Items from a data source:
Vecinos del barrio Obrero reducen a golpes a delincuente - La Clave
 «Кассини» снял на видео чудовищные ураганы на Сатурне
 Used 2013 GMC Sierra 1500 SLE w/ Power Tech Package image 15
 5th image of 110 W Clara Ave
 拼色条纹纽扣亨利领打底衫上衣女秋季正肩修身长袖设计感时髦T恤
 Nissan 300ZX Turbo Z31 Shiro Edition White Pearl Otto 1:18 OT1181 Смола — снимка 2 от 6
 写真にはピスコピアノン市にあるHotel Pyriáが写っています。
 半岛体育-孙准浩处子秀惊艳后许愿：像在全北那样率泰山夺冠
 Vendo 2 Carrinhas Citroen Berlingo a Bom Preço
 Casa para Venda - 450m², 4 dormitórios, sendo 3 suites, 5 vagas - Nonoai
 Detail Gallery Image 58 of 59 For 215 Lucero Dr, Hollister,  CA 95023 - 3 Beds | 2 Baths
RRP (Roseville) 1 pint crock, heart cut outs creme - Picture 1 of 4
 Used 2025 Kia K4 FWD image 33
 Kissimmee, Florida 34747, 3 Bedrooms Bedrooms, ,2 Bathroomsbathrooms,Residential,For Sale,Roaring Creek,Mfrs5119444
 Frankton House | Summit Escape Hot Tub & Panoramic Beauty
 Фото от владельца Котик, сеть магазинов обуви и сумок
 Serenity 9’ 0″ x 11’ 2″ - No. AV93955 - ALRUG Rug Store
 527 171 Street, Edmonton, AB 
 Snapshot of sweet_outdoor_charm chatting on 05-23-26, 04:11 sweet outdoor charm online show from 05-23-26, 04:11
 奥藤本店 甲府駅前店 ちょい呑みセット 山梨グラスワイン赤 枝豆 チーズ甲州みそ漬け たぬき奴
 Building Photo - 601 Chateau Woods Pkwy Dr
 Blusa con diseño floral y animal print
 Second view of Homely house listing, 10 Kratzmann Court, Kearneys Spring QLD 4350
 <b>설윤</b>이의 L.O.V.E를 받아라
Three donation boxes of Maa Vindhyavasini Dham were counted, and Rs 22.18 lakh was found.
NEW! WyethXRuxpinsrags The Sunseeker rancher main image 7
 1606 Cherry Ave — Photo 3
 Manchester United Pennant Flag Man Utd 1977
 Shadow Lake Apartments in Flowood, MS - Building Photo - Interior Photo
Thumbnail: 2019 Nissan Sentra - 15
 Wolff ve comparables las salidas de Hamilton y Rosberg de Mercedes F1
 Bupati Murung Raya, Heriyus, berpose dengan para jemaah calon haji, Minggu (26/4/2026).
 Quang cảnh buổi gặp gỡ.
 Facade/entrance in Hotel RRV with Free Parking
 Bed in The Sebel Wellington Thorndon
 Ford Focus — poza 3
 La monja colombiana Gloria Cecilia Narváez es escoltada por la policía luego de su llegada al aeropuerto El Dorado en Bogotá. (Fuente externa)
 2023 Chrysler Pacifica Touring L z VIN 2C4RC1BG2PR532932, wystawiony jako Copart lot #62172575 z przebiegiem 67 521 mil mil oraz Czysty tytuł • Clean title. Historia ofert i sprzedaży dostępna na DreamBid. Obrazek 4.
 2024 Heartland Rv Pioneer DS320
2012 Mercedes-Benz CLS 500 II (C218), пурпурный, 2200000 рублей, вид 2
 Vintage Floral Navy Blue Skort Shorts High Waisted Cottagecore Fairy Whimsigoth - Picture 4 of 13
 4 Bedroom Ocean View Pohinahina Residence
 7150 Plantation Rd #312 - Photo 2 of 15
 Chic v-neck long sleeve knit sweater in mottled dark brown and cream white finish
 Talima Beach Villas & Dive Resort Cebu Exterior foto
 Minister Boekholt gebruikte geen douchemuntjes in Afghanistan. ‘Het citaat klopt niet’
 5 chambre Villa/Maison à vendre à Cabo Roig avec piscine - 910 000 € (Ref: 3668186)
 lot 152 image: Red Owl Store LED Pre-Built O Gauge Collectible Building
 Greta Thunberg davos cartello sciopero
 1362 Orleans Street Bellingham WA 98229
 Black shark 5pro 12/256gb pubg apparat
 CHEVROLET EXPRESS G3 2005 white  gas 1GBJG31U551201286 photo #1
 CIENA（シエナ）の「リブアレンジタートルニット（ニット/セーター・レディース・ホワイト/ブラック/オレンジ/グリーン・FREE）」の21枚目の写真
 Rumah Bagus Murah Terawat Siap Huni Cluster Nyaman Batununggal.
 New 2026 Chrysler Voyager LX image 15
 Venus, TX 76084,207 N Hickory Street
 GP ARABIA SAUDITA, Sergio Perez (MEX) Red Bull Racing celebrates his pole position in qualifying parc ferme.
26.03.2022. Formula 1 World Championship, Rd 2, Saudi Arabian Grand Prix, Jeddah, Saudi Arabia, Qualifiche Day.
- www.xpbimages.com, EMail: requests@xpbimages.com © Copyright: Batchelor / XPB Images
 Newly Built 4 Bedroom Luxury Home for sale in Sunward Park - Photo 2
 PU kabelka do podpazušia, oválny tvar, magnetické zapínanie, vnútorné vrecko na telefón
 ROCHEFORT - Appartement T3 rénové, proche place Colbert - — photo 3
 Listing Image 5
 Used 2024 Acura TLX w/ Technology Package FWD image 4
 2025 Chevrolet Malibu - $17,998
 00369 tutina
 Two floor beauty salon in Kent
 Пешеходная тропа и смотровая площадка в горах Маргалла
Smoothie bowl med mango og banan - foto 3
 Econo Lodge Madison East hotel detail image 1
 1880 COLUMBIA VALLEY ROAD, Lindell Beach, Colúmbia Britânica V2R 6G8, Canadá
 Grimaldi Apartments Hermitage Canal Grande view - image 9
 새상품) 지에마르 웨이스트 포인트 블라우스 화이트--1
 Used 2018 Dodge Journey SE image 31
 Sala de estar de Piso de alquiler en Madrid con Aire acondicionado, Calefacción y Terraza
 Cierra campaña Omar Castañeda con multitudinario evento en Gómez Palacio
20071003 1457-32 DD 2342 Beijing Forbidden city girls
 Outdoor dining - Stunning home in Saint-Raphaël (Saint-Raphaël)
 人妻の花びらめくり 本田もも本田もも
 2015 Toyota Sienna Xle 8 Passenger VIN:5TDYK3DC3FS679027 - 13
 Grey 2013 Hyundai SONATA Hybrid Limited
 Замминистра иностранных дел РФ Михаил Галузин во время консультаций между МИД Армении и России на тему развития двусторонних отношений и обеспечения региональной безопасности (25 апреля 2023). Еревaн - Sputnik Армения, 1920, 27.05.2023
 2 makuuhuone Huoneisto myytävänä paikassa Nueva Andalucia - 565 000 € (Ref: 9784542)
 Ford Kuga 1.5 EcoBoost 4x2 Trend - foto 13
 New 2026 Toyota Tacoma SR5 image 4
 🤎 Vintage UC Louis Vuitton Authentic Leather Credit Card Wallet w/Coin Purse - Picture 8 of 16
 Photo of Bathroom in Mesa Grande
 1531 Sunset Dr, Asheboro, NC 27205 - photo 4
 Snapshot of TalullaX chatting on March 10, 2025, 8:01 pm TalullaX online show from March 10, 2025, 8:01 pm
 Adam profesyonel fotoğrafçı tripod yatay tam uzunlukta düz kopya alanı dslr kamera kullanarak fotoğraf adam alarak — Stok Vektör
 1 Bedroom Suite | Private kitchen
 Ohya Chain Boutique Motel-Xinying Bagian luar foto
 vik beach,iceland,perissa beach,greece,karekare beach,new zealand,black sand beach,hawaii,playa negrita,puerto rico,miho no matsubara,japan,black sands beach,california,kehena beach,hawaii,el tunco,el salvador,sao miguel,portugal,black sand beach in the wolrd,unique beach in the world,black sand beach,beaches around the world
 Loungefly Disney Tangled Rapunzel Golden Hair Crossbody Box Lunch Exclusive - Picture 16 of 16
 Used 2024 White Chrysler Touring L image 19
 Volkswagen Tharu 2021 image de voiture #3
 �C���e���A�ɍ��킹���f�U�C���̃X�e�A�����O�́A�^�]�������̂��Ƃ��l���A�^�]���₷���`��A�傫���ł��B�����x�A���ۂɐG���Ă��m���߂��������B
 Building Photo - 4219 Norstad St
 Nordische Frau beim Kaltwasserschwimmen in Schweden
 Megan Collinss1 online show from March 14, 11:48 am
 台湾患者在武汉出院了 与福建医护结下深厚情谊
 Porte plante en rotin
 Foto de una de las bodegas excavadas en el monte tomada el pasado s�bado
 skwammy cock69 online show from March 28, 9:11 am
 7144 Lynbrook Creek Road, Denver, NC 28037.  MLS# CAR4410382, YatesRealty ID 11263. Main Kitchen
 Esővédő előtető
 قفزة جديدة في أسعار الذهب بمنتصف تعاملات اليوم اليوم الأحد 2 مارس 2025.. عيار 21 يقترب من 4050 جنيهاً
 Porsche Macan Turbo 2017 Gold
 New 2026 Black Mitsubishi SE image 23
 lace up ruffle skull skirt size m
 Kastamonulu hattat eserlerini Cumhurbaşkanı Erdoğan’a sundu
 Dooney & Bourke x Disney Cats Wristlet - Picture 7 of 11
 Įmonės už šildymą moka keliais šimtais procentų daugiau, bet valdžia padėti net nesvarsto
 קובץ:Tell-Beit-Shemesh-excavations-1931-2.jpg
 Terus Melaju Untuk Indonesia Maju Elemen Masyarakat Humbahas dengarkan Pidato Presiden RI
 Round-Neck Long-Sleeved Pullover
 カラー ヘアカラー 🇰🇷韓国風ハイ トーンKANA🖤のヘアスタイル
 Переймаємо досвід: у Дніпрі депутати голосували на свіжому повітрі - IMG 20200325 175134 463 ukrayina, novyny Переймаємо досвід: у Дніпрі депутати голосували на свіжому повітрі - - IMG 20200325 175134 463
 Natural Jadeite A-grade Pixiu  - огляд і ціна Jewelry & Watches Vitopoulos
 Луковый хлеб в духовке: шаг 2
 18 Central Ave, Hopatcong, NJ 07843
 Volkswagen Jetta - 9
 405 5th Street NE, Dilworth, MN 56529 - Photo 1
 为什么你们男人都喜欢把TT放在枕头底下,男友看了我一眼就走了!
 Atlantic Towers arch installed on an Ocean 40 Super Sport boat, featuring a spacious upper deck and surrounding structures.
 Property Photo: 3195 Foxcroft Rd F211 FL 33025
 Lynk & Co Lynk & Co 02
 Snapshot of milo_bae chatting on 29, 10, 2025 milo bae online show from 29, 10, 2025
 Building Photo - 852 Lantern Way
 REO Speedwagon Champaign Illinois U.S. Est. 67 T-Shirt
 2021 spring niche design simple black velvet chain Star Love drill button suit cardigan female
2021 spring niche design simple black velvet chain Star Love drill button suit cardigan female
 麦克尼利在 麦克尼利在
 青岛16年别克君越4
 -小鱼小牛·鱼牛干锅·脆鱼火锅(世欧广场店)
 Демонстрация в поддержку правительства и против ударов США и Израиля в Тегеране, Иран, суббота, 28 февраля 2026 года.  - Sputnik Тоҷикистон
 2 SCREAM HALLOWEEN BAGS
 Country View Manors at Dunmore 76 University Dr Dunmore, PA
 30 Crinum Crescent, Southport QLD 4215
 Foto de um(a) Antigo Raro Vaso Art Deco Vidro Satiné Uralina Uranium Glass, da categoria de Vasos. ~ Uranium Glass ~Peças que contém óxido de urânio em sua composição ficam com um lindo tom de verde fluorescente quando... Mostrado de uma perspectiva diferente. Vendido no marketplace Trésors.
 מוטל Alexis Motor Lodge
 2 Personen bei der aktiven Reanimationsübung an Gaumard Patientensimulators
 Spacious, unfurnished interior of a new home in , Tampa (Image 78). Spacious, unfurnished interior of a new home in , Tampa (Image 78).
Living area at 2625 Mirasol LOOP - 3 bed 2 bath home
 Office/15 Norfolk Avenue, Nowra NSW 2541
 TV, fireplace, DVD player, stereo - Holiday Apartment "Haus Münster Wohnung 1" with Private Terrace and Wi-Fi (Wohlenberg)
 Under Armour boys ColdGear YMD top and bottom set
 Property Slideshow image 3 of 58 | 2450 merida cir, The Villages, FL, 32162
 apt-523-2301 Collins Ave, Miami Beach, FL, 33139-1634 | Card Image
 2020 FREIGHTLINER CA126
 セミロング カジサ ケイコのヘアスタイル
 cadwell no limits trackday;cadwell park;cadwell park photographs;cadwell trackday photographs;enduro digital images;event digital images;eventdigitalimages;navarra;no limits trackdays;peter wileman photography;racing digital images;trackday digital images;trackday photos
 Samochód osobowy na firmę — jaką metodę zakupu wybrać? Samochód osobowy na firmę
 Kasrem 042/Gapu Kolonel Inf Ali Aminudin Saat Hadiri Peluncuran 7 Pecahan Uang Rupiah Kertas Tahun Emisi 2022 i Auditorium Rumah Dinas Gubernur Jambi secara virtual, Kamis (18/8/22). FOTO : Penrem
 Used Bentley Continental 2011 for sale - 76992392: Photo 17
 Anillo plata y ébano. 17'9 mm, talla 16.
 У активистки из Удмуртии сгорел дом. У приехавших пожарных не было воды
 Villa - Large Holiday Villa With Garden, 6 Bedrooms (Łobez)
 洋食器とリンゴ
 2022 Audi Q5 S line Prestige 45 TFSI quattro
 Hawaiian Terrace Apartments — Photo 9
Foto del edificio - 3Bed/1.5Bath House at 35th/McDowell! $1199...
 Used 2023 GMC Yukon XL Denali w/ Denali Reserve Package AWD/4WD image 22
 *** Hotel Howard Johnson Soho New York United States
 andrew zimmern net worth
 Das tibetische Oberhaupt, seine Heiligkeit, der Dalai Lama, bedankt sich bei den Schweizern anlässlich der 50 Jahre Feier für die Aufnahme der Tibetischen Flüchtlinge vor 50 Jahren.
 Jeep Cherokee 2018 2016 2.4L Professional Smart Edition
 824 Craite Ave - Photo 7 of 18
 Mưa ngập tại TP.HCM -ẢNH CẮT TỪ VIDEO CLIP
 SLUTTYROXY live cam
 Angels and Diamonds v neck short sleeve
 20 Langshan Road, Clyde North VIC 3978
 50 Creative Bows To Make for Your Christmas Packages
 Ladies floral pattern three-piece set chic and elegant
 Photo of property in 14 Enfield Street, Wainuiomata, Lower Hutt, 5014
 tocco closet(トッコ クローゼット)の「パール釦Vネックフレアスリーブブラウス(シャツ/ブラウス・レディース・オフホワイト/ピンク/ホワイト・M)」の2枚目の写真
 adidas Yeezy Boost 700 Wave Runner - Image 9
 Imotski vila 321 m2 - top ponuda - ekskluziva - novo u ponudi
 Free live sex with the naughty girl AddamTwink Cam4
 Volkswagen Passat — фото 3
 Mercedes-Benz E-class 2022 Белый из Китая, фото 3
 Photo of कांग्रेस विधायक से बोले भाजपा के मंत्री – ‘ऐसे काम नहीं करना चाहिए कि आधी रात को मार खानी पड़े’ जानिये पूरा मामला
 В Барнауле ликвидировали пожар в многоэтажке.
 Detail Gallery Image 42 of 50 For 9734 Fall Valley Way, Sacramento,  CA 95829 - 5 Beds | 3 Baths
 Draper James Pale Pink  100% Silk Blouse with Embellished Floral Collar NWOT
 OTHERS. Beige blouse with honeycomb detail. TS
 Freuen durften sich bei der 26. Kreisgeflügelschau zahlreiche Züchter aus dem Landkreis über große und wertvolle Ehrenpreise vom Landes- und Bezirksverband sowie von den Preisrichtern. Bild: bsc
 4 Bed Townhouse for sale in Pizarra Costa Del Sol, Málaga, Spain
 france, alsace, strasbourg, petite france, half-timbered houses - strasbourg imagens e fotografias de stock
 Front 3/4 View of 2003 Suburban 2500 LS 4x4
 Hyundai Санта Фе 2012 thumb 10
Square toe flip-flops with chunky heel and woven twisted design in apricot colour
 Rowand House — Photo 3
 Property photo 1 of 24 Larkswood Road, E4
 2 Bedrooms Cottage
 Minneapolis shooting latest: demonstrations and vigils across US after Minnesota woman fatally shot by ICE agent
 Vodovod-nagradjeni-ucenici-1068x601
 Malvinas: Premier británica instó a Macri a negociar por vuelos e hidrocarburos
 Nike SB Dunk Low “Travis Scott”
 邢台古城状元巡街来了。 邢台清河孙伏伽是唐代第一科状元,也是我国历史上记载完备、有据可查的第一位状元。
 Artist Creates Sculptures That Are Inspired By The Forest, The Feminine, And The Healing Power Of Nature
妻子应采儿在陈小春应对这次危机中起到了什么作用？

### [Instructions to follow]
From the entries above, print the lines beginning at the one with "Snapshot of TalullaX" and stopping after the one with "- - IMG 20200325 175134 463", exactly as written and with nothing else.

### [Solved problem]
 Snapshot of TalullaX chatting on March 10, 2025, 8:01 pm TalullaX online show from March 10, 2025, 8:01 pm
 Adam profesyonel fotoğrafçı tripod yatay tam uzunlukta düz kopya alanı dslr kamera kullanarak fotoğraf adam alarak — Stok Vektör
 1 Bedroom Suite | Private kitchen
 Ohya Chain Boutique Motel-Xinying Bagian luar foto
 vik beach,iceland,perissa beach,greece,karekare beach,new zealand,black sand beach,hawaii,playa negrita,puerto rico,miho no matsubara,japan,black sands beach,california,kehena beach,hawaii,el tunco,el salvador,sao miguel,portugal,black sand beach in the wolrd,unique beach in the world,black sand beach,beaches around the world
 Loungefly Disney Tangled Rapunzel Golden Hair Crossbody Box Lunch Exclusive - Picture 16 of 16
 Used 2024 White Chrysler Touring L image 19
 Volkswagen Tharu 2021 image de voiture #3
 �C���e���A�ɍ��킹���f�U�C���̃X�e�A�����O�́A�^�]�������̂��Ƃ��l���A�^�]���₷���`��A�傫���ł��B�����x�A���ۂɐG���Ă��m���߂��������B
 Building Photo - 4219 Norstad St
 Nordische Frau beim Kaltwasserschwimmen in Schweden
 Megan Collinss1 online show from March 14, 11:48 am
 台湾患者在武汉出院了 与福建医护结下深厚情谊
 Porte plante en rotin
 Foto de una de las bodegas excavadas en el monte tomada el pasado s�bado
 skwammy cock69 online show from March 28, 9:11 am
 7144 Lynbrook Creek Road, Denver, NC 28037.  MLS# CAR4410382, YatesRealty ID 11263. Main Kitchen
 Esővédő előtető
 قفزة جديدة في أسعار الذهب بمنتصف تعاملات اليوم اليوم الأحد 2 مارس 2025.. عيار 21 يقترب من 4050 جنيهاً
 Porsche Macan Turbo 2017 Gold
 New 2026 Black Mitsubishi SE image 23
 lace up ruffle skull skirt size m
 Kastamonulu hattat eserlerini Cumhurbaşkanı Erdoğan’a sundu
 Dooney & Bourke x Disney Cats Wristlet - Picture 7 of 11
 Įmonės už šildymą moka keliais šimtais procentų daugiau, bet valdžia padėti net nesvarsto
 קובץ:Tell-Beit-Shemesh-excavations-1931-2.jpg
 Terus Melaju Untuk Indonesia Maju Elemen Masyarakat Humbahas dengarkan Pidato Presiden RI
 Round-Neck Long-Sleeved Pullover
 カラー ヘアカラー 🇰🇷韓国風ハイ トーンKANA🖤のヘアスタイル
 Переймаємо досвід: у Дніпрі депутати голосували на свіжому повітрі - IMG 20200325 175134 463 ukrayina, novyny Переймаємо досвід: у Дніпрі депутати голосували на свіжому повітрі - - IMG 20200325 175134 463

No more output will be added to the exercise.